KANSAS CITY, Mo. — Kansas Gov. Laura Kelly said Monday the state is beginning the process of looking for a new unemployment system.
The Kansas Department of Labor has been plagued with problems since the beginning of the COVID-19 pandemic, which brought financial hardship on thousands of Kansans, resulting in thousands more unemployment claims.
Kelly on Monday repeated that the state’s “stone age” system was ill-equipped to handle such a crisis.
She said the system, which was bought when Jimmy Carter was president, was only designed to administer one program — Kansas’ unemployment program.
With the pandemic, the federal government created three additional programs for states to administer to respond to COVID-19 hardships.
Kelly compared the coding necessary to implement those programs to “translating hieroglyphics into English.”
Her administration plans to start looking at bids for a new system by summer with the goal of beginning installation work by the end of the year.
The goal, Kelly said, is to address current and future problems and provide an overall better experience for Kansans already facing many of life’s stressors.
“Ensuring timely payments can only come with a new, modern system, one that will allow us to address today’s problems and ensure the next time we have once-in-a-century crisis that the state is prepared,” Kelly said.
Her proposed budget includes $37 million for modernization efforts, a cause Kelly said came to a halt under former Gov. Sam Brownback’s administration.
Kansas’ unemployment catastrophe is what happens when essential government services aren’t funded, Kelly said.
Kelly also said she is urging the state Senate to confirm acting KDOL Secretary Amber Shultz to her role.
Shultz would bring 25 years of IT and public service experience to the job. Kelly described her as the “right person at the right time."

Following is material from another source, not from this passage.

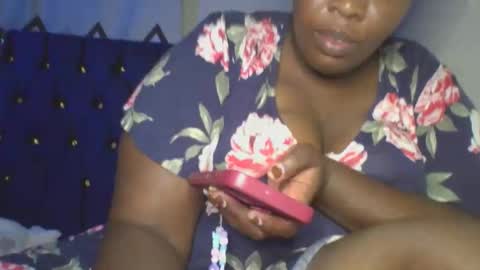 Snapshot of cutey_mellanin chatting on 14, 9, 2025 cutey_mellanin online show from 14, 9, 2025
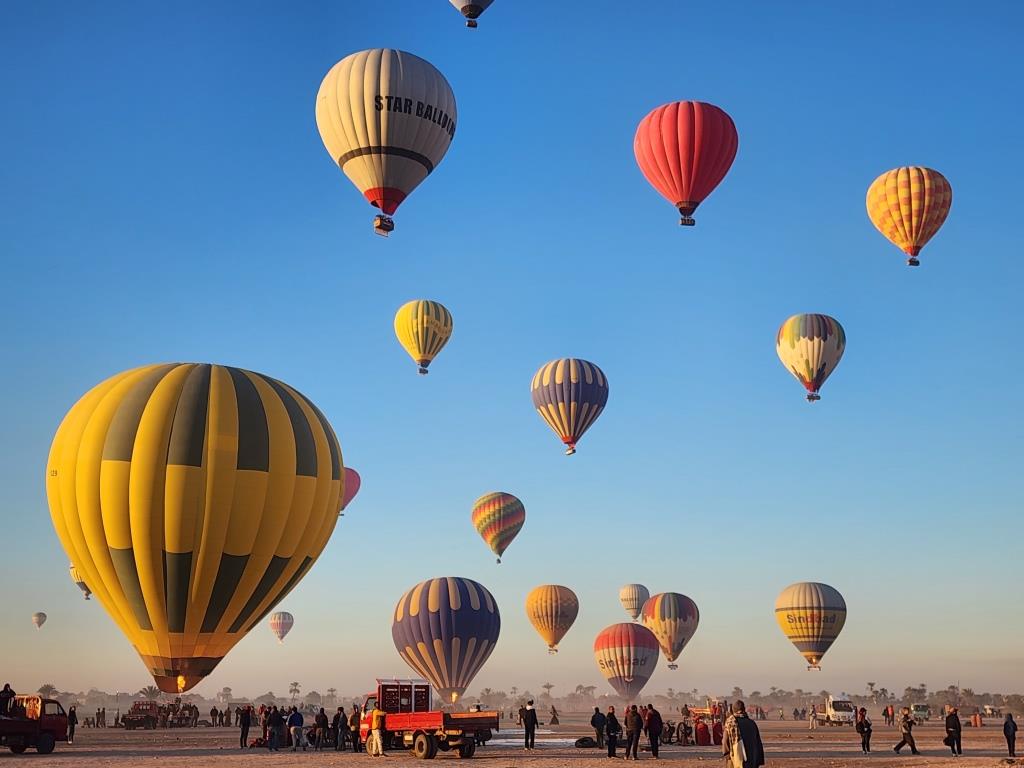 الطيران المدنى تحتفل بعيدها فى مطار البالون بالأقصر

Shultz, who joked that she was still in diapers when Kansas’ current unemployment system was installed, said first steps in the system’s replacement will be examination of feasibility and functionality requirements.
Projects such as these typically take three to five years, Shultz said, but state officials are trying to condense that timeline as much as possible.
Kelly said she is aware that such a timeline won’t provide immediate relief.
“I know the events of the past year have seemed overwhelming, frustrating and downright unfair,” Kelly said. “I hear you and I’m doing everything in my power to fix things now and ensure that never again do Kansans experience these obstacles to help.”
Both Kelly and Shultz said new security software the state launched to fight fraudulent claims has cut workload significantly.